You may be wondering why we would leverage Docker for data science using Jupyter notebooks. There are a few reasons:
- By scripting the setup and having everything run in a standard image, we eliminate issues caused by configuration differences between different environments.
- It makes it very fast to get up and running. By just installing Docker and running a single command (
docker-compose up
) you have a working environment. - We want to create easily reproducible environments when we are ready to go to production.
One concern regarding this workflow for development is the slowness of having to rebuild the Docker image whenever we want to make configuration changes like modifying the environment.yml. We have attempted to address this in two ways:
-
Leveraging the Dockerfile cache by ordering statements such that the most expensive steps are executed first. This means that if you rebuild the container for a small change, like a jupyter_notebook_config.py change, it won't rebuild the environment, it will just recopy that file into the image.
-
Leveraging Docker inheritance and only performing updates in the child image. If you look at Dockerfile.dev, it inherits from our base image which did all the hard work of setting up the environment. This means if you change the environment.yml in a development setting you can simply rebuild the dev image and this will result in copying the environment.yml into your dev image and simply running update instead of rebuilding the entire environment.
Setup should be relatively straightforward:
- Install Docker native for your environment.
- Run:
docker-compose up
Running docker-compose up
will pull the latest version of the drostehk/py-base-ds from our Docker Hub repo, build the py-base-ds-dev image locally, and run the image mounting the example notebooks folder included here as a volume inside the image. This will allow you to access Jupyter via http://localhost:8888.
You are welcome to use this repo standalone. If you do, you may find that you would like to add to or modify the packages contained in the environment.yml from time to time. If you do this, you will need to do the following in order to refresh the packages in the Docker image:
docker-compose down
(only if it is already running)docker-compose build
docker-compose up
Note: This will only run the anaconda update command on the environment and will not recreate the environment from scratch.
If you decide that you want to either rebuild the environment from scratch OR make changes to the jupyter_notebook_config.py, then a little extra work is required:
docker-compose down
(only if it is already running)docker build -t drostehk/py-base-ds .
docker-compose build
docker-compose up
If you would like to leverage drostehk/py-base-ds as the base for your Docker image, then you can do the following:
- Copy the Dockerfile.dev into your repo with the filename Dockerfile and make any additions necessary. You should probably also change the FROM drostehk/py-base-ds:latest to be a specific version of py-base-ds rather than 'latest' in order to get consistent results.
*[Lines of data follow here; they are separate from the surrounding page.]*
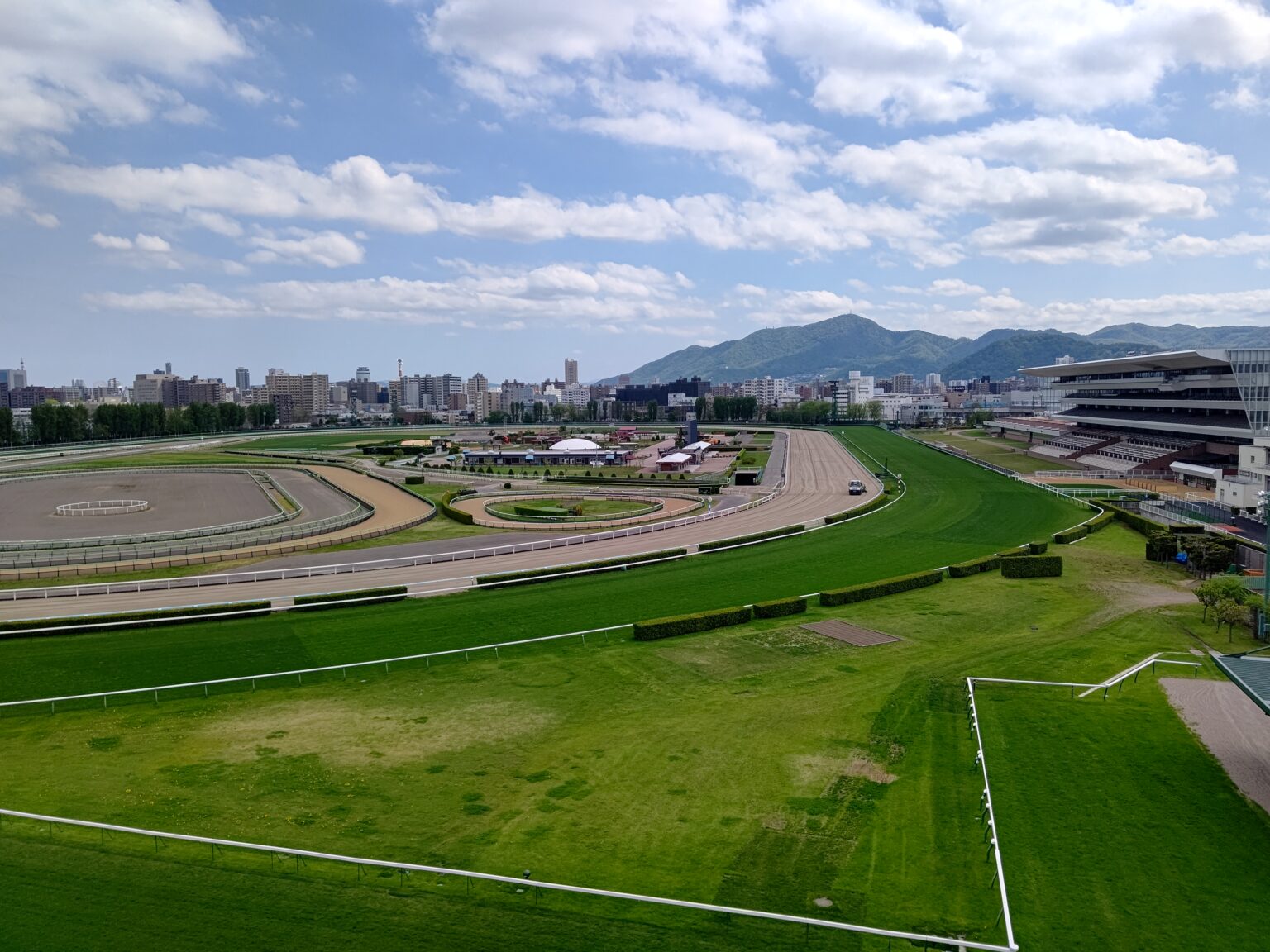 札幌競馬場馬場電話・ハロン計測端子盤改修工事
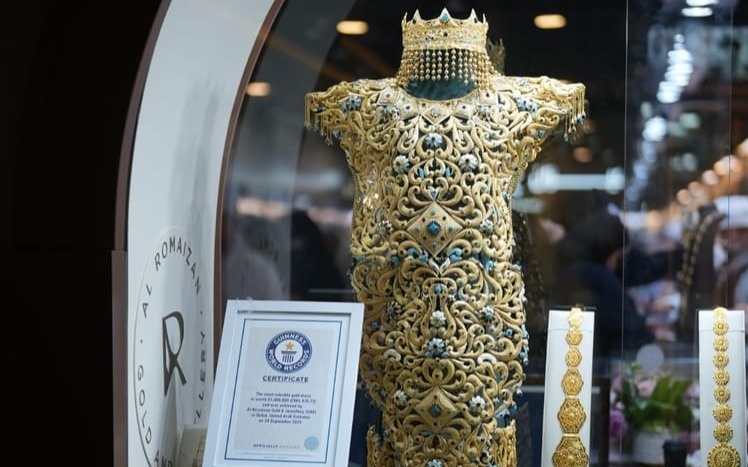 10kg of pure gold: UAE showcases world’s most expensive dress
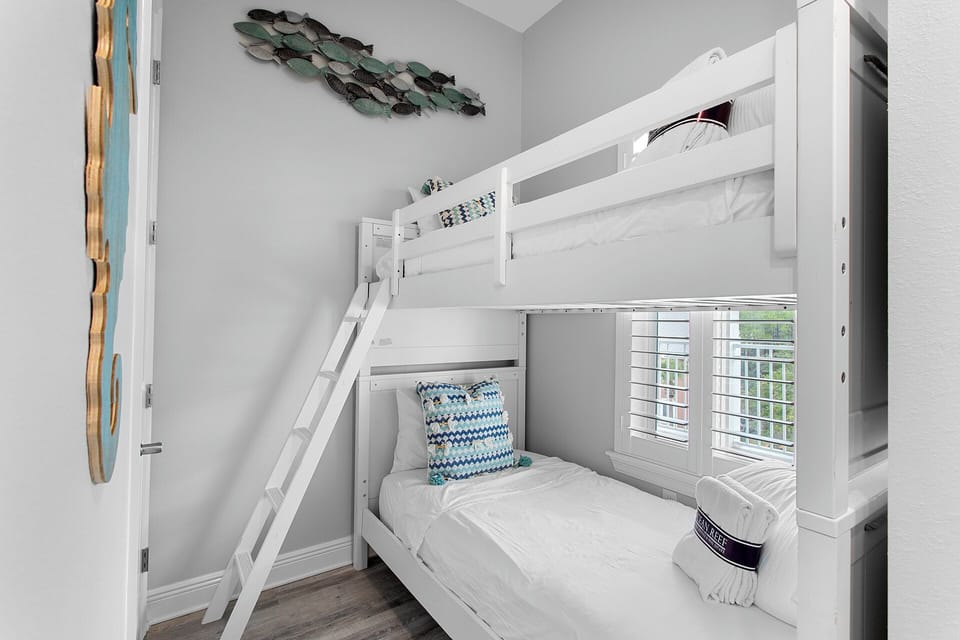 23-Gulf-Place-Residences-308-Bunk-Nook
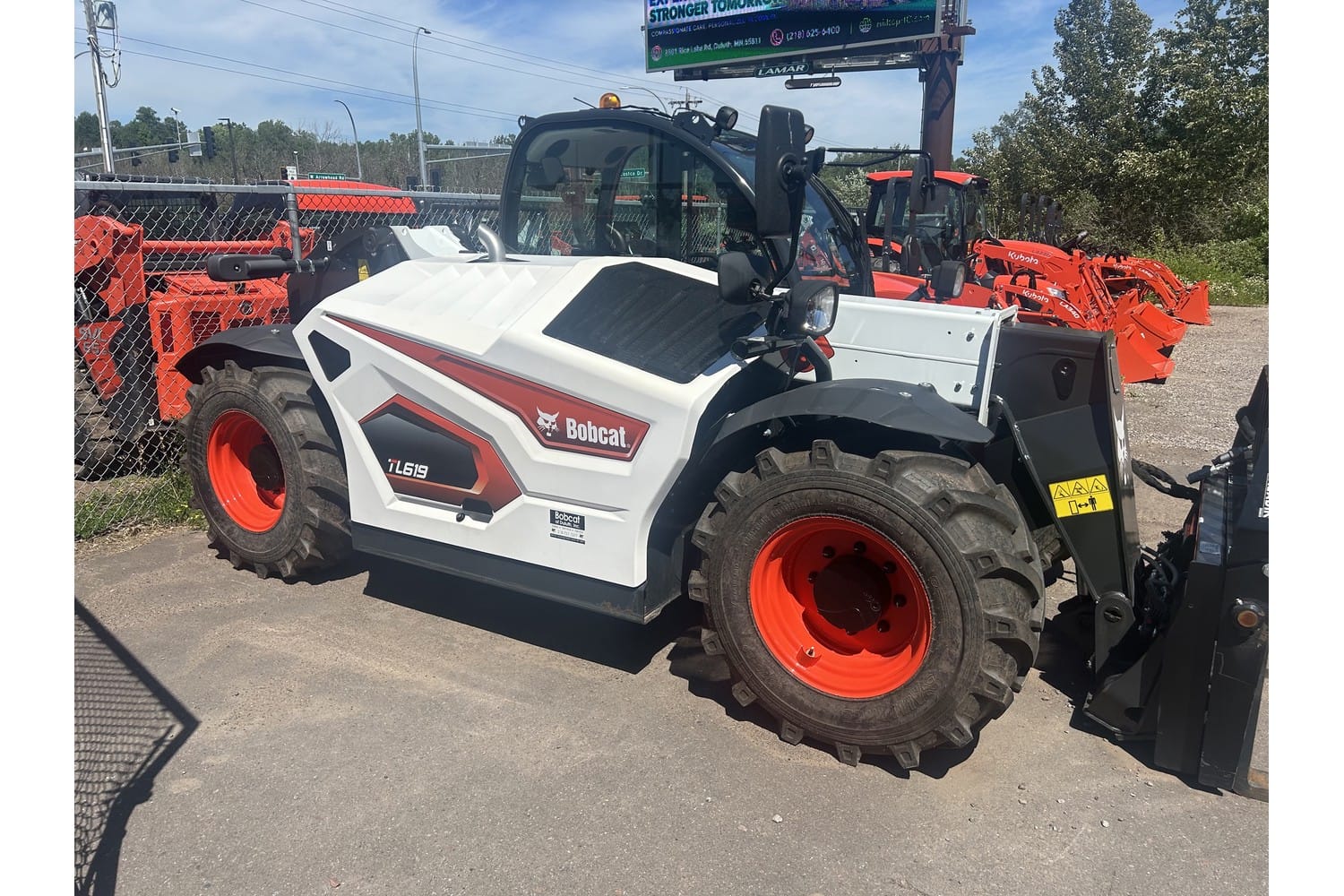 2024 Bobcat TL619 Equipment Image0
- Copy the docker-compose.template.yml into your repo with the filename docker-compose.yml. You should modify the following properties according to match your requirements:
- your-org
- your-image-name
- your-notebooks-path (this can be a relative path, see docker-compose.yml for an example)
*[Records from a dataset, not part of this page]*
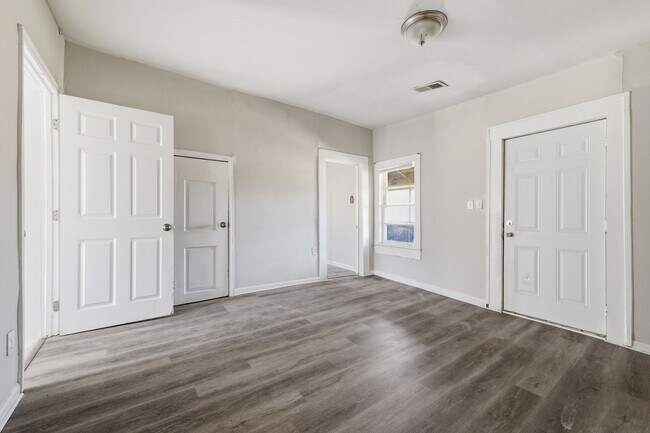 Foto del edificio - 320 Old Pne Hl Rd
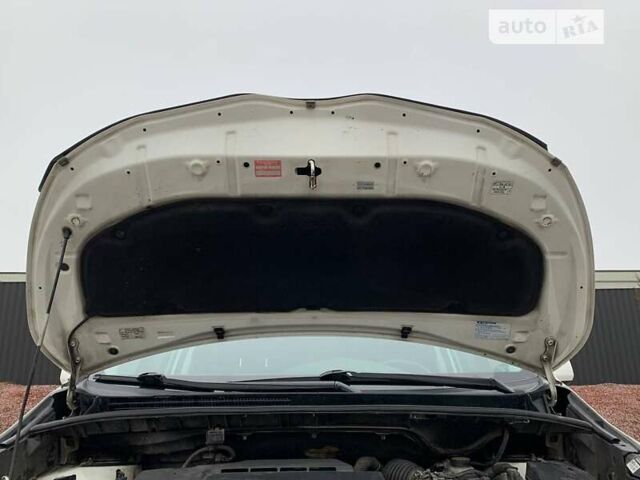 Тойота Версо, объемом двигателя 2.23 л и пробегом 292 тыс. км за 10500 $, фото 28 на Automoto.ua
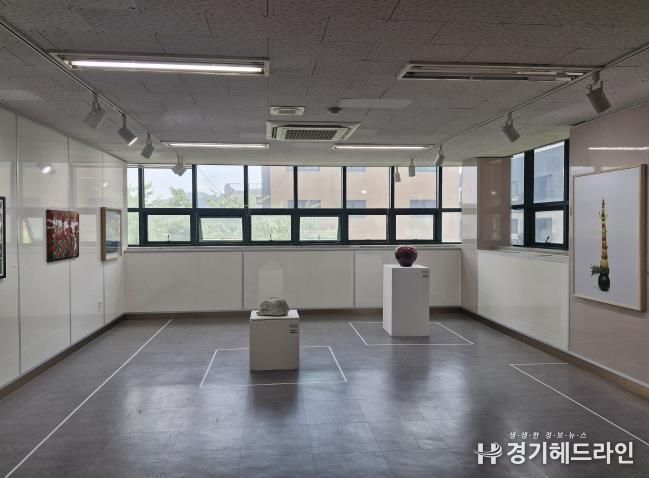 학교갤러리 참고 사진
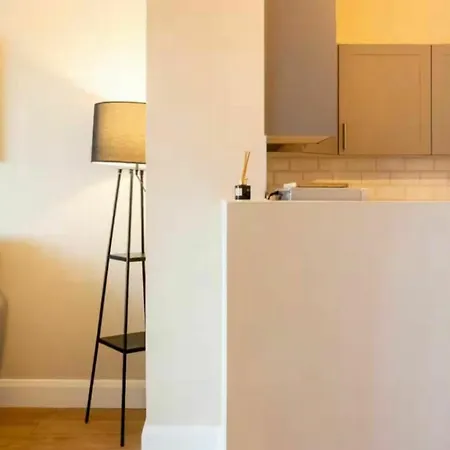 Stylish 1bdr Centre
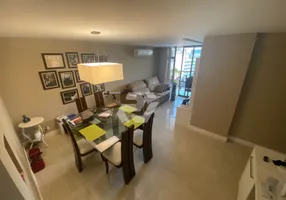 Foto 1 de Apartamento com 3 Quartos à venda, 110m² em Icaraí, Niterói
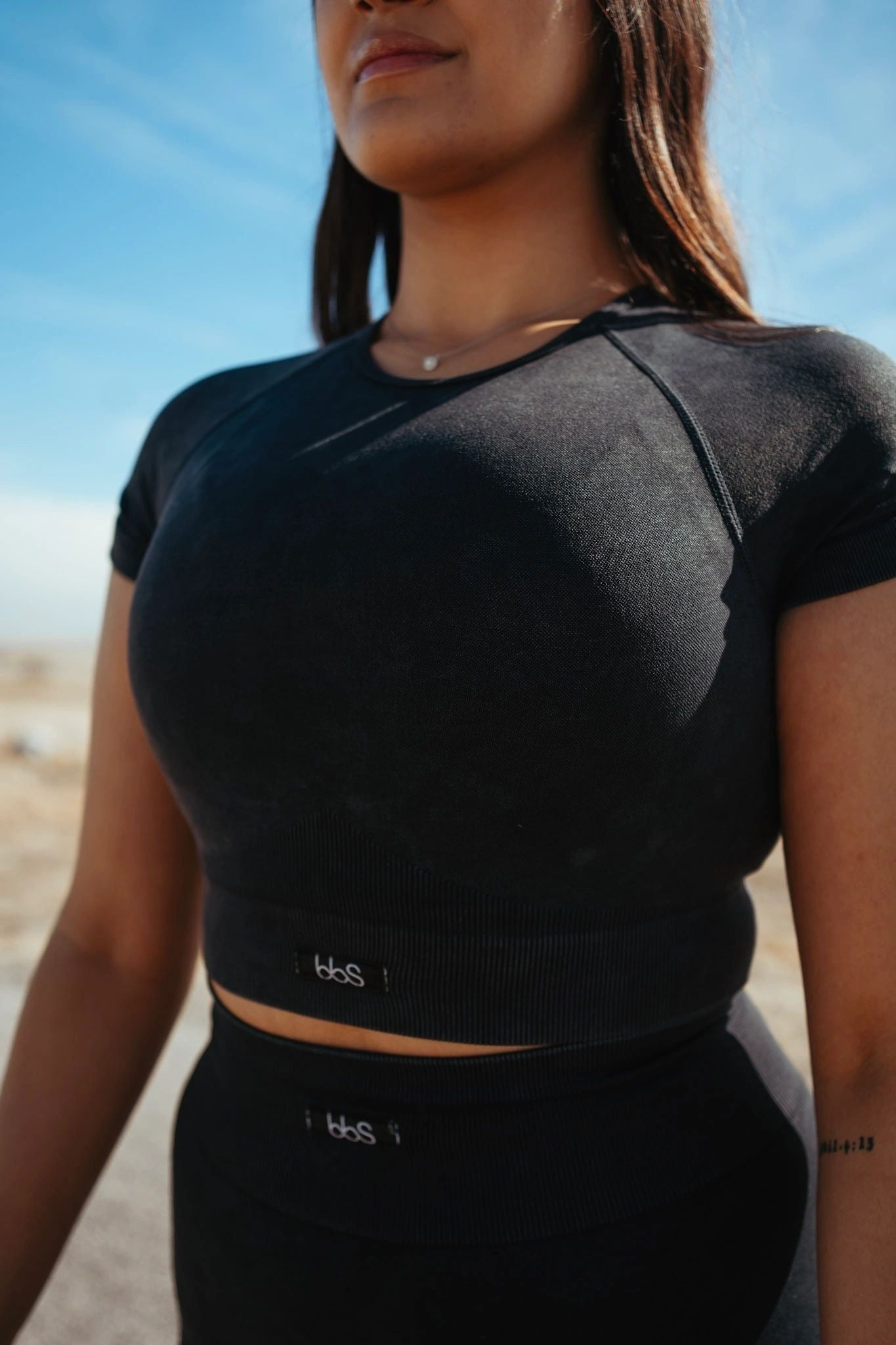 Snatched Crop Bundle (Crop Shirt+ Sports Bra)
- Optionally, if you would like to override the dependencies and packages, you can create your own environment.yml file.
- Optionally, if you would like to override the jupyter_notebook_config.py, you can do so, but you will also need to add a line to your Dockerfile which will COPY the file overtop of the existing one. See the Dockerfile in this repo for an example.
Once you have followed these steps, you can run the same commands as specified in the Workflow section.